Aim of the exercise: Every line in the entries where "American" is found should be copied.

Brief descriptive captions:
________________________________________
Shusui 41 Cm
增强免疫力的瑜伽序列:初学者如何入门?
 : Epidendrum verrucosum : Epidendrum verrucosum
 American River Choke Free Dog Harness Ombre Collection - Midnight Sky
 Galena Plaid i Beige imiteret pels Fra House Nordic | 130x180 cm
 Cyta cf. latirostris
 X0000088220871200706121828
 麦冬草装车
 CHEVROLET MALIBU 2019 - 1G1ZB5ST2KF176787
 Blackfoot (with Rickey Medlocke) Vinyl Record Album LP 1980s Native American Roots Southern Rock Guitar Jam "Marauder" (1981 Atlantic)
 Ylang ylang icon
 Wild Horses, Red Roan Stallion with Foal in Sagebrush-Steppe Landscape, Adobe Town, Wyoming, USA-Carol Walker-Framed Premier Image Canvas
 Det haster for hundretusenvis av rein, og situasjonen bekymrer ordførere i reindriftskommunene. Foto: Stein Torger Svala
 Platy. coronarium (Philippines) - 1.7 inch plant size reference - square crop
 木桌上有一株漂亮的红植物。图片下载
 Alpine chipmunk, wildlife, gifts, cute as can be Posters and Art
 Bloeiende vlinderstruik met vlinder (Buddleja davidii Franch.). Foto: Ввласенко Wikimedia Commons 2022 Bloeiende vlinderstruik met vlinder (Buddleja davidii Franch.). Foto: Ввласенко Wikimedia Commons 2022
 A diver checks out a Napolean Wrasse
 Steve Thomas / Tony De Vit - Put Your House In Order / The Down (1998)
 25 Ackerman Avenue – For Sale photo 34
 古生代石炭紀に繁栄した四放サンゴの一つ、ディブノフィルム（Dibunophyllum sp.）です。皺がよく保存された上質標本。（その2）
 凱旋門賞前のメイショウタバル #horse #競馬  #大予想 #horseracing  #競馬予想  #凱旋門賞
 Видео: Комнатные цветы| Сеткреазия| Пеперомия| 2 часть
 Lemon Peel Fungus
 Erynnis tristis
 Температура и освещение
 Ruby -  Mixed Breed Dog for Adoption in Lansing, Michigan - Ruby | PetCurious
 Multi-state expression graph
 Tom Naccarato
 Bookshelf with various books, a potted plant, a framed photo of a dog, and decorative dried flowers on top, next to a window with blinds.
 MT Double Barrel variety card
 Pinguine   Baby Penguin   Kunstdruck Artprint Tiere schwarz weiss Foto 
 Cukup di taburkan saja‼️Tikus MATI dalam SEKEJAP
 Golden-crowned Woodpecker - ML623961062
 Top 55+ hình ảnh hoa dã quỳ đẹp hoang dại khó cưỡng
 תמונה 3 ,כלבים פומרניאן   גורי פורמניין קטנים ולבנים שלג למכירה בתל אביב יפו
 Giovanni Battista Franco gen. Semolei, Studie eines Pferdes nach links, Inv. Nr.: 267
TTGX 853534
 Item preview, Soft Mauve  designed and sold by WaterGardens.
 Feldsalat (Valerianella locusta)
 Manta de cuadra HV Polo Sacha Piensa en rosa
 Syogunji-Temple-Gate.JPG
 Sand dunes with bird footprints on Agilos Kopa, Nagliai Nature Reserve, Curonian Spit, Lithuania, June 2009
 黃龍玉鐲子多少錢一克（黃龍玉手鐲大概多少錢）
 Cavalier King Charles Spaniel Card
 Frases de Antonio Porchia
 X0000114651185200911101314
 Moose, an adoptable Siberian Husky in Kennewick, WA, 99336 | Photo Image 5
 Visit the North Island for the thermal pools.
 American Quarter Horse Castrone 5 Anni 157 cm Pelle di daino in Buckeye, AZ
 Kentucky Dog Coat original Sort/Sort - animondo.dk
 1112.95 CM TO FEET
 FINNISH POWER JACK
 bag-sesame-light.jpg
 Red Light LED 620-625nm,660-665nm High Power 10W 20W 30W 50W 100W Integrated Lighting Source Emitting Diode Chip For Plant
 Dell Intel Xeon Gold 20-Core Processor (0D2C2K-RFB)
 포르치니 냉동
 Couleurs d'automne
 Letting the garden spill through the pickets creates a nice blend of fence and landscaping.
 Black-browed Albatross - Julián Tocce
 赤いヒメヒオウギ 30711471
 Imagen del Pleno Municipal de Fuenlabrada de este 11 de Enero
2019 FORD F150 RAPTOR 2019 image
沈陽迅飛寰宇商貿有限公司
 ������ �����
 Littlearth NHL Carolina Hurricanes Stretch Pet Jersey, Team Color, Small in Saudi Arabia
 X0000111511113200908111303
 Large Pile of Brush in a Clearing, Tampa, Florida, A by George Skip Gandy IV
________________________________________
The answer:
 American River Choke Free Dog Harness Ombre Collection - Midnight Sky
 Blackfoot (with Rickey Medlocke) Vinyl Record Album LP 1980s Native American Roots Southern Rock Guitar Jam "Marauder" (1981 Atlantic)
 American Quarter Horse Castrone 5 Anni 157 cm Pelle di daino in Buckeye, AZ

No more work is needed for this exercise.